◆ Crawled caption data ◆
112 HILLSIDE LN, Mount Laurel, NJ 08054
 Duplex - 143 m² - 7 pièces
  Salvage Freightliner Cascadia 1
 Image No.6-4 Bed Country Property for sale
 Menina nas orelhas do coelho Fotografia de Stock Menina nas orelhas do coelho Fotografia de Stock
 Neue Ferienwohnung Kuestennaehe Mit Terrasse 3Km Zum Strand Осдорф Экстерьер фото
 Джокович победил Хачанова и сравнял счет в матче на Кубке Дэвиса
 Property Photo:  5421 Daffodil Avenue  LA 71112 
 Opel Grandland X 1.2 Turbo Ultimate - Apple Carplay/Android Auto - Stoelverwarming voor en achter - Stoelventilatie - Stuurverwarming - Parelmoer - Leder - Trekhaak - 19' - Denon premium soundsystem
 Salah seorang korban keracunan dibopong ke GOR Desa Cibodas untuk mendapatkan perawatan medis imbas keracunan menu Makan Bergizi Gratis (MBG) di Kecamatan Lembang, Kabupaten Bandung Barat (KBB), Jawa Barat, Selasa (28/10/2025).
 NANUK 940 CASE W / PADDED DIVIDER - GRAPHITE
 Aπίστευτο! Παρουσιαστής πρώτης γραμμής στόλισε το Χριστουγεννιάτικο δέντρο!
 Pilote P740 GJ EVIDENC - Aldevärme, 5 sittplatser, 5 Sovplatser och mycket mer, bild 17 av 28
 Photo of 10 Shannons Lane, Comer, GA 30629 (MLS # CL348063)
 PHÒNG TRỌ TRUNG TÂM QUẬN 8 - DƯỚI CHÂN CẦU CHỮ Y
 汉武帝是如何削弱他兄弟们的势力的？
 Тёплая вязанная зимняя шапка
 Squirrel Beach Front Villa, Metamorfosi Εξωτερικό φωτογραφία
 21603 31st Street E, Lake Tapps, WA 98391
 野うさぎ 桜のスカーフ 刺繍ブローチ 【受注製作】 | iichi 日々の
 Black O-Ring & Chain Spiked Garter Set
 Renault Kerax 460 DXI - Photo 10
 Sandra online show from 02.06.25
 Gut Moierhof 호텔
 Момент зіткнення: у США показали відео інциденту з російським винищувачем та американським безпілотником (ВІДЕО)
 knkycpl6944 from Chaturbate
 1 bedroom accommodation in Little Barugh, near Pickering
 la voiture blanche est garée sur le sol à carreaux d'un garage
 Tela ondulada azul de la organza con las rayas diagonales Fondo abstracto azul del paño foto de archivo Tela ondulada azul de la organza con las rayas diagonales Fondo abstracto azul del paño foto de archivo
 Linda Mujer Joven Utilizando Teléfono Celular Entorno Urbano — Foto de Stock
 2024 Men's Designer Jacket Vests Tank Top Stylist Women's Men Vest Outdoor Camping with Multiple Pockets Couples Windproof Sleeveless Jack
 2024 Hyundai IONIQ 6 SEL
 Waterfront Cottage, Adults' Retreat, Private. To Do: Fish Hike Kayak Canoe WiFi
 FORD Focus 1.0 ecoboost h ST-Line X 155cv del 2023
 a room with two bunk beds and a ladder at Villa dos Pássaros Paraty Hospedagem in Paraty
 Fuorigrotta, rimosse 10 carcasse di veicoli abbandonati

◆ What you have to do ◆
Output every record above, exactly as written.

◆ Answer section ◆
112 HILLSIDE LN, Mount Laurel, NJ 08054
 Duplex - 143 m² - 7 pièces
  Salvage Freightliner Cascadia 1
 Image No.6-4 Bed Country Property for sale
 Menina nas orelhas do coelho Fotografia de Stock Menina nas orelhas do coelho Fotografia de Stock
 Neue Ferienwohnung Kuestennaehe Mit Terrasse 3Km Zum Strand Осдорф Экстерьер фото
 Джокович победил Хачанова и сравнял счет в матче на Кубке Дэвиса
 Property Photo:  5421 Daffodil Avenue  LA 71112 
 Opel Grandland X 1.2 Turbo Ultimate - Apple Carplay/Android Auto - Stoelverwarming voor en achter - Stoelventilatie - Stuurverwarming - Parelmoer - Leder - Trekhaak - 19' - Denon premium soundsystem
 Salah seorang korban keracunan dibopong ke GOR Desa Cibodas untuk mendapatkan perawatan medis imbas keracunan menu Makan Bergizi Gratis (MBG) di Kecamatan Lembang, Kabupaten Bandung Barat (KBB), Jawa Barat, Selasa (28/10/2025).
 NANUK 940 CASE W / PADDED DIVIDER - GRAPHITE
 Aπίστευτο! Παρουσιαστής πρώτης γραμμής στόλισε το Χριστουγεννιάτικο δέντρο!
 Pilote P740 GJ EVIDENC - Aldevärme, 5 sittplatser, 5 Sovplatser och mycket mer, bild 17 av 28
 Photo of 10 Shannons Lane, Comer, GA 30629 (MLS # CL348063)
 PHÒNG TRỌ TRUNG TÂM QUẬN 8 - DƯỚI CHÂN CẦU CHỮ Y
 汉武帝是如何削弱他兄弟们的势力的？
 Тёплая вязанная зимняя шапка
 Squirrel Beach Front Villa, Metamorfosi Εξωτερικό φωτογραφία
 21603 31st Street E, Lake Tapps, WA 98391
 野うさぎ 桜のスカーフ 刺繍ブローチ 【受注製作】 | iichi 日々の
 Black O-Ring & Chain Spiked Garter Set
 Renault Kerax 460 DXI - Photo 10
 Sandra online show from 02.06.25
 Gut Moierhof 호텔
 Момент зіткнення: у США показали відео інциденту з російським винищувачем та американським безпілотником (ВІДЕО)
 knkycpl6944 from Chaturbate
 1 bedroom accommodation in Little Barugh, near Pickering
 la voiture blanche est garée sur le sol à carreaux d'un garage
 Tela ondulada azul de la organza con las rayas diagonales Fondo abstracto azul del paño foto de archivo Tela ondulada azul de la organza con las rayas diagonales Fondo abstracto azul del paño foto de archivo
 Linda Mujer Joven Utilizando Teléfono Celular Entorno Urbano — Foto de Stock
 2024 Men's Designer Jacket Vests Tank Top Stylist Women's Men Vest Outdoor Camping with Multiple Pockets Couples Windproof Sleeveless Jack
 2024 Hyundai IONIQ 6 SEL
 Waterfront Cottage, Adults' Retreat, Private. To Do: Fish Hike Kayak Canoe WiFi
 FORD Focus 1.0 ecoboost h ST-Line X 155cv del 2023
 a room with two bunk beds and a ladder at Villa dos Pássaros Paraty Hospedagem in Paraty
 Fuorigrotta, rimosse 10 carcasse di veicoli abbandonati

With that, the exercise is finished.